What is the present status of this problem? Has any progress been made on it? Or-on the other
hand-have any models of ZF been constructed in which pp is true and some consequence of AC
-such as the existence of non-measurable sets of real numbers-is false? If "pp implies AC"
could be proved in ZF, this would seem to provide a powerful philosophical argument for
accepting AC. In my opinion, any set theory in which pp can be disproved yields a really
counter-intuitive picture of the "Set-theoretical Universe".
 A: To my best knowledge, the Banaschewski-Moore paper from some twenty years ago is pretty much the last recorded progress on the topic.
The two main papers on the subject are the Banaschewski-Moore paper and a paper by Higasikawa, both are from more or less twenty years ago.


*

*Bernhard Banaschewski, Gregory H. Moore, The dual Cantor-Bernstein theorem and the partition principle, Notre Dame J. Formal Logic 31 (3), (1990), 375–381.


*Masasi Higasikawa, Partition principles and infinite sums of cardinal numbers. Notre Dame J. Formal Logic 36 (1995), no. 3, 425–434.

You can find a nice diagram of implications in Gregory Moore's book "Zermelo's Axiom of Choice" (which, oddly enough, is the second time I refer to on this site today).
I have some master plan on how to prove its independence from the axiom of choice, but it's a wild and vague dream at the moment which doesn't worth much mentioning except for the fact that I believe, at the moment, that PP does not imply the axiom of choice. For whatever that is worth.
One interesting fact on $\sf PP$ is that it implies the existence of non-measurable sets of real numbers all by itself. $\sf PP$ implies $\sf DC$, as well $\aleph_1\leq2^{\aleph_0}$ and therefore implies the existence of a non-measurable set.

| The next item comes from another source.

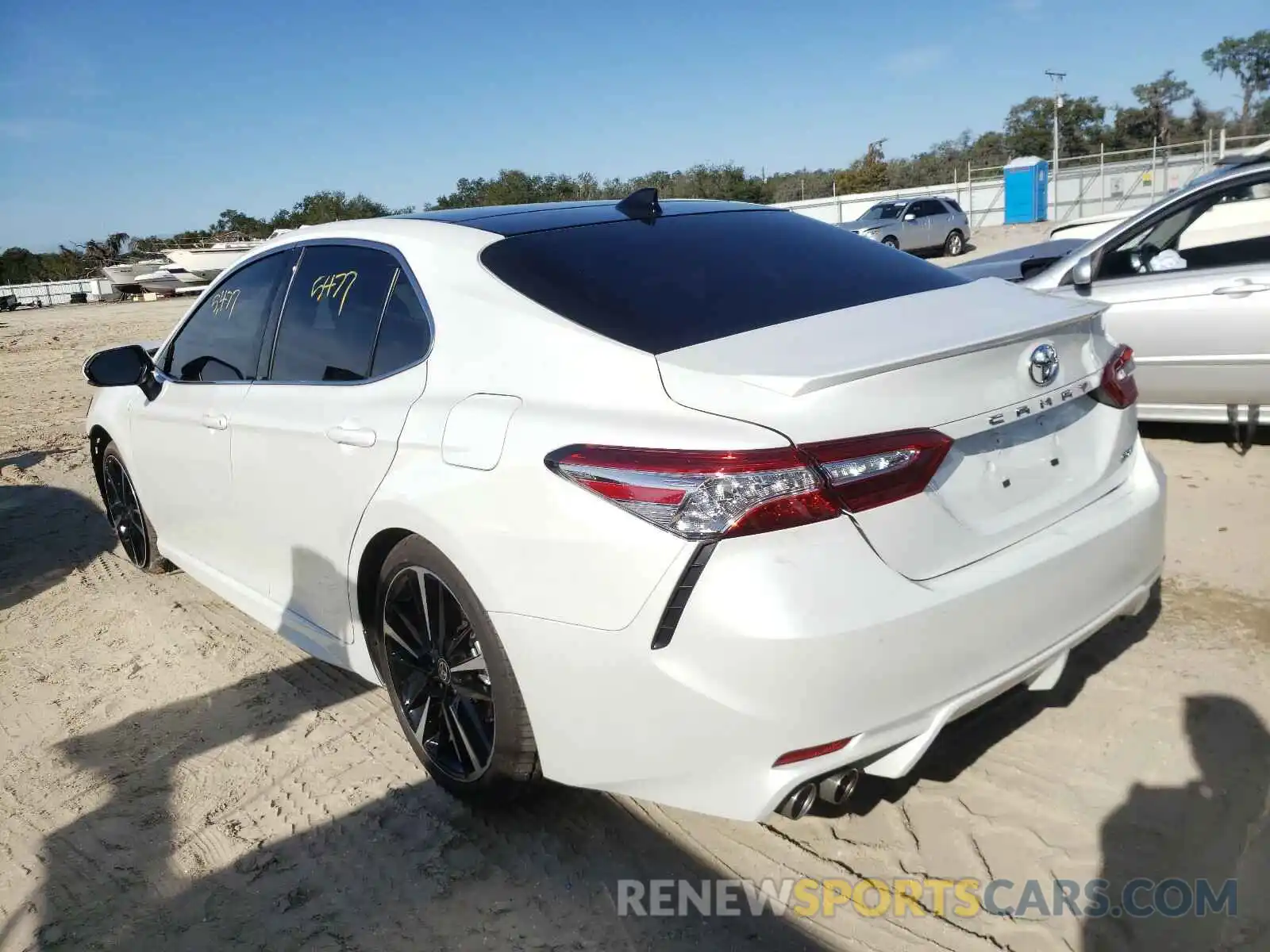 3 Photograph of a damaged car 4T1KZ1AKXLU042172 TOYOTA CAMRY 2020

But in fact even much weaker versions of $\sf PP$ imply the existence of non-measurable, for example $\sf WPP$ which asserts $A\leq^\ast B\rightarrow B\nless A$, or in other words: if $B$ can be mapped onto $A$ then it cannot have a strictly smaller cardinality.
The reason that $\sf WPP$ implies the existence of a non-measurable set is that $\Bbb R$ can always be mapped onto $[\Bbb R]^\omega$, the set of countably infinite sets of real numbers, and of course can be mapped into that set injectively.
Since in $\sf ZF$ we have $\Bbb R\leq[\Bbb R]^\omega\leq^\ast\Bbb R$, in $\sf ZF+WPP$ we have that $\Bbb R$ is equipotent with $[\Bbb R]^\omega$. Sierpinski proved from this assumption that there exists a non-measurable set.

Sierpinski, W. "L’axiome de M. Zermelo et son rôle dans la théorie des ensembles et l’analyse." Bulletin de l’Académie des Sciences de Cracovie, Classe des Sciences Math., Sér. A (1918), 97-152.